PHOENIX, AZ – The Arizona Supreme Court ruled today in a challenge against Prop 208, a successfully passed ballot measure that created a new 3.5% tax to raise funds for education. The Court ruled that the measure was unconstitutional as it was designed to get around a constitutional cap on spending.

In 2020, Arizona voters passed Proposition 208 (“Prop. 208”), a citizens’ initiative imposing an income tax surcharge on “high-income” Arizona taxpayers to provide direct funding to schools. Petitioners sued to challenge the constitutionality of that tax and the initiative’s characterization of the direct funding as “grants,” exempt from the expenditure limitations of article 9, section 21 of the Arizona Constitution (“Education Expenditure Clause”). Petitioners also sought to enjoin the collection of that tax pending the resolution of their challenge. We hold that the direct funding provision does not fall within the constitutional definition of grants in article 9, section 21 of the Arizona Constitution, and Prop. 208 is therefore unconstitutional to the extent it mandates expending tax revenues in violation of the Education Expenditure Clause. Likewise, the remaining non-revenue related provisions of Prop. 208 are not separately workable and thus not severable. However, because we cannot determine at this preliminary stage of the case the extent to which, if any, such funding will exceed the constitutional expenditure limitation, we decline to enjoin the imposition of the tax pending further proceedings in the trial court.

Additionally, we hold that Prop. 208 does not violate article 9, section 22 of the Arizona Constitution (“Tax Enactment Clause”), because that clause does not apply to voter initiatives.

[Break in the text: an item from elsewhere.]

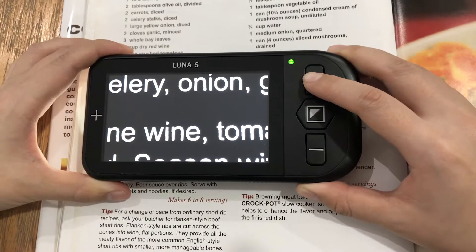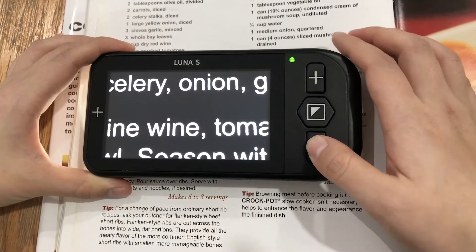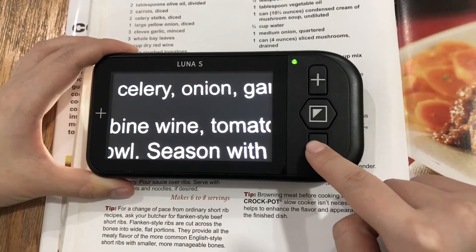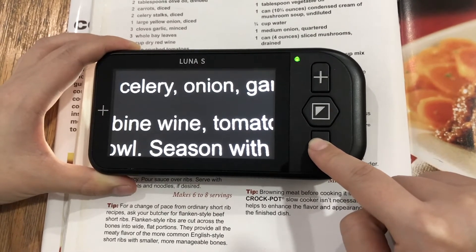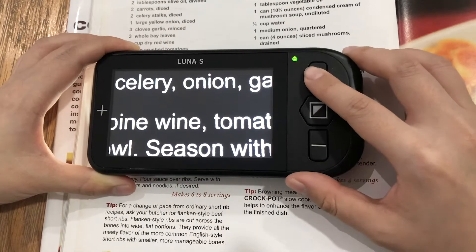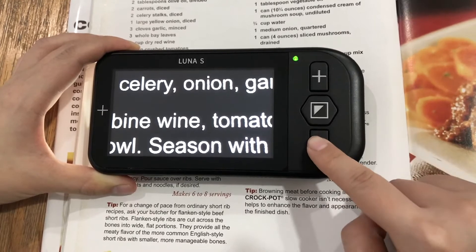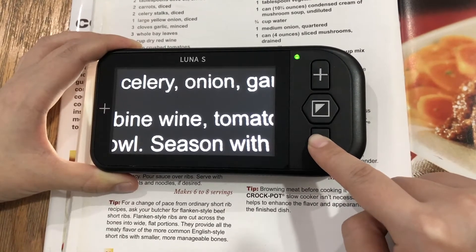Settings. By default, the button beep sound is on. To turn it off, press and hold the zoom out button for 5 seconds until you hear one beep. To turn it on, press and hold the zoom out button for 5 seconds until you hear 3 beeps.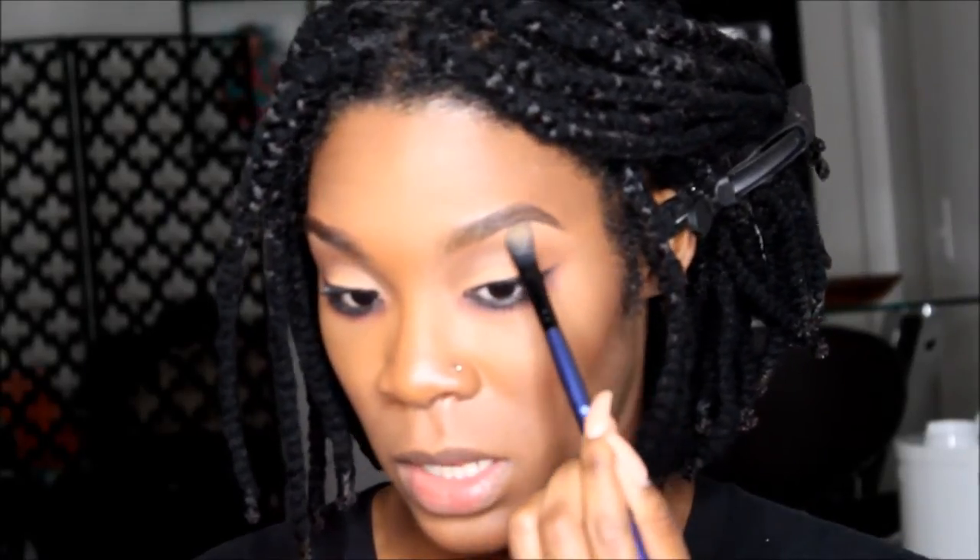I'm going to put on some color — face powder, which is MSF in Dark Deep. I'm going to put it as my brow bone highlight. This is the final eye completed look, so we're going to move on to finishing the face.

Therefore, the bicameralism, presentment, and supermajority requirements found therein are inapplicable to Prop. 208.

The Goldwater Institute filed the challenge.  The Institute believes the “ruling sets the ill-conceived initiative up for an ultimately fatal blow.”

Representing a group of taxpayers, business owners, and legislators, the Goldwater Institute challenged the legality of the job-killing Prop. 208 tax before the Arizona Supreme Court, arguing that the initiative violates the state constitution’s limits on spending and taxation. Today, the Court agreed that Prop. 208’s attempt to brush aside those constitutional limitations are void and unenforceable.

The Court remanded the case to the trial court, which will determine whether the tax revenues raised by the initiative would exceed the constitutional spending cap approved by voters:

“[I]f the trial court finds that A.R.S. § 15-1281(D) will result in the accumulation of money that cannot be spent without violating the expenditure limit, it must declare Prop. 208 unconstitutional and enjoin its operation.”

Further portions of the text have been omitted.